2017-01-28 - 1:43 am

Bahrain Mirror: Human Rights Watch (HRW) reported on Friday (January 27, 2017), that Kuwait carried out seven executions by hanging on January 25, 2017, the first time the Gulf state carried out the death penalty in four years. Kuwait's decision reflects a growing trend in the region to increase the use of, or lift moratoriums on, the death penalty.

Kuwait executed two nationals, including a member of the royal family, an Ethiopian woman, a Filipina woman, two Egyptian men, and a Bangladeshi man in Kuwait's central prison, according to KUNA, Kuwait's state news agency. The executions were the first in Kuwait since 2013, when Kuwait executed five people. The 2013 executions ended a de facto death penalty moratorium that had been in place since 2007. 

"Executing seven people in one day shows Kuwait is moving in exactly the wrong direction on the death penalty," said Sarah Leah Whitson, Middle East director at Human Rights Watch. "The Kuwaiti government should be reinstating the moratorium on the death penalty instead of hanging seven people."

Human Rights Watch has documented due process violations in Kuwait's criminal justice system that have made it difficult for defendants to get a fair trial, including in capital cases. Kuwait maintains the death penalty for non-violent offenses, including drug smuggling.

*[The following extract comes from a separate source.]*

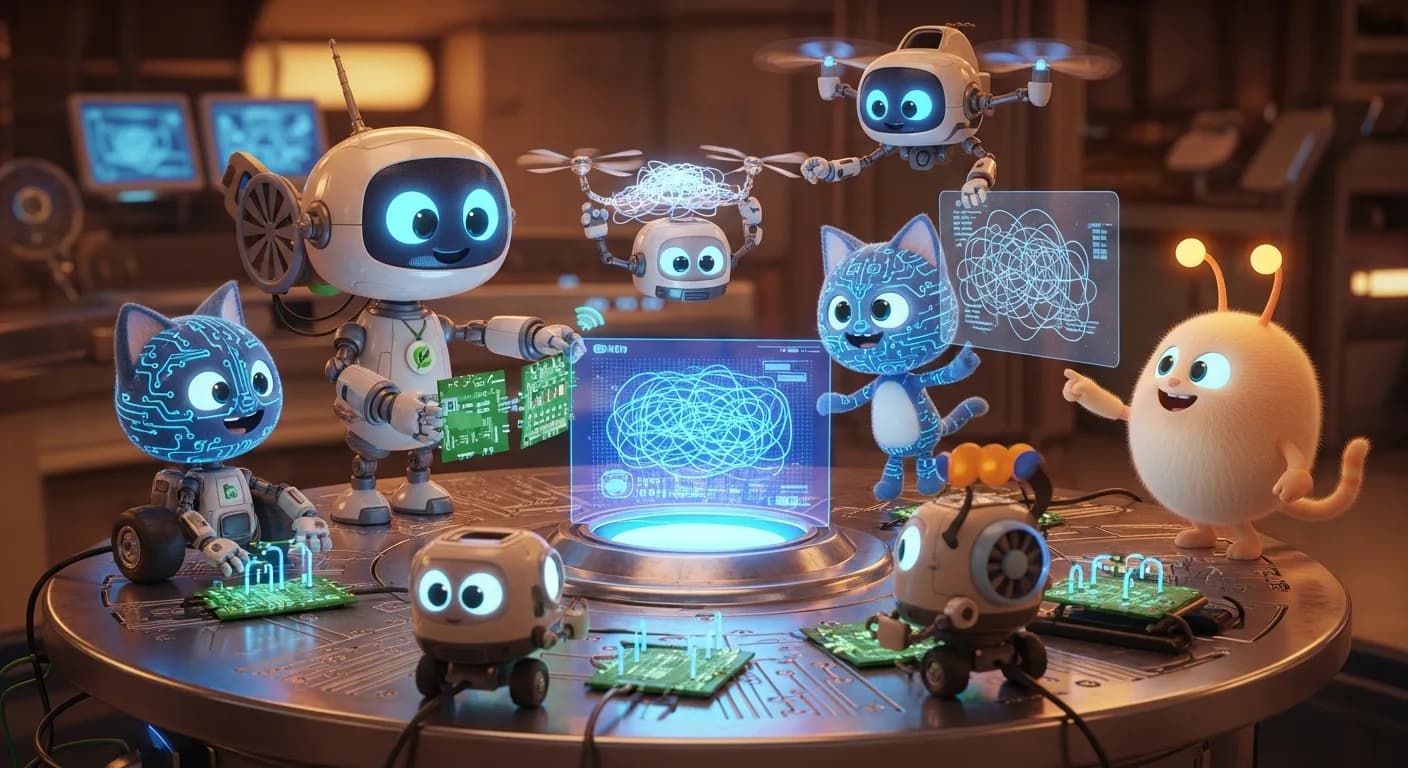 Systèmes multi-agents, la méthode \"Eco Problem Solving\"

In the regional trend to increasing use of the death penalty, in January, 2017, Bahrain ended a six-year de facto moratorium on the death penalty, executing three people. In December 2014, Jordan ended its eight-year moratorium on the death penalty, executing 11 people, HRW added.

HRW stressed that it opposes capital punishment in all countries and under all circumstances. Capital punishment is unique in its cruelty and finality, and it is inevitably and universally plagued with arbitrariness, prejudice, and error. A majority of countries in the world have abolished the practice.

"Kuwait's killing of seven people on January 25 highlights the alarming trend in the region for countries to return to or increasingly use the death penalty," Whitson said. "The death penalty is inherently cruel and should never be used, regardless of the crime."